Work item:
When the line containing "Let's now look" appears in the entries below, begin printing there and stop after the line containing "If you hit go"; print each of those lines exactly and no other line.

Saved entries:
Start of Block

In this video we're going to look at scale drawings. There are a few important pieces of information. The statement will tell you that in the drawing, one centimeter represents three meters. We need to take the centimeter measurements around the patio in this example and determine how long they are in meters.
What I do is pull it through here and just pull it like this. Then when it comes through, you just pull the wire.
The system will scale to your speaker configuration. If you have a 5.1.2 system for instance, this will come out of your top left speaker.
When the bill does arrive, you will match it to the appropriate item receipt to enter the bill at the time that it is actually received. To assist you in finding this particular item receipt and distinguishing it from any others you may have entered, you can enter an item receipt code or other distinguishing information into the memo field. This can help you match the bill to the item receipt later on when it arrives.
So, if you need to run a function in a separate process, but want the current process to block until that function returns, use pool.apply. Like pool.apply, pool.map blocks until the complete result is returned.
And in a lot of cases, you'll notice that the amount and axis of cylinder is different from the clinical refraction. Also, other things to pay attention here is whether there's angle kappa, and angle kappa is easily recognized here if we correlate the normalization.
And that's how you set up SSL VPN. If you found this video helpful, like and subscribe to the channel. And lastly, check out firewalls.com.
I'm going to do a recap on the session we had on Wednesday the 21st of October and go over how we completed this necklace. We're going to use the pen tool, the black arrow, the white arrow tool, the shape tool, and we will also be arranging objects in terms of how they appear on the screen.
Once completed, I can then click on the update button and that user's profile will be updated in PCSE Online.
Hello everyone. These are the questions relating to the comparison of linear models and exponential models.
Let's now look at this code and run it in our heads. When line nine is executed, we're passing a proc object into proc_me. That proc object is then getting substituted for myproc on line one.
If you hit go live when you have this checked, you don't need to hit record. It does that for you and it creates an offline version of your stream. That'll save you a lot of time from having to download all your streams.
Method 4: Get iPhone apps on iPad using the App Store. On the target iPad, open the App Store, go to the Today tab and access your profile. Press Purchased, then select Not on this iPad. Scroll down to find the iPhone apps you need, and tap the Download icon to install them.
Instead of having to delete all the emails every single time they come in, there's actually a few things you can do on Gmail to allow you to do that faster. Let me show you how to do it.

End of Block

Exercise result:
Let's now look at this code and run it in our heads. When line nine is executed, we're passing a proc object into proc_me. That proc object is then getting substituted for myproc on line one.
If you hit go live when you have this checked, you don't need to hit record. It does that for you and it creates an offline version of your stream. That'll save you a lot of time from having to download all your streams.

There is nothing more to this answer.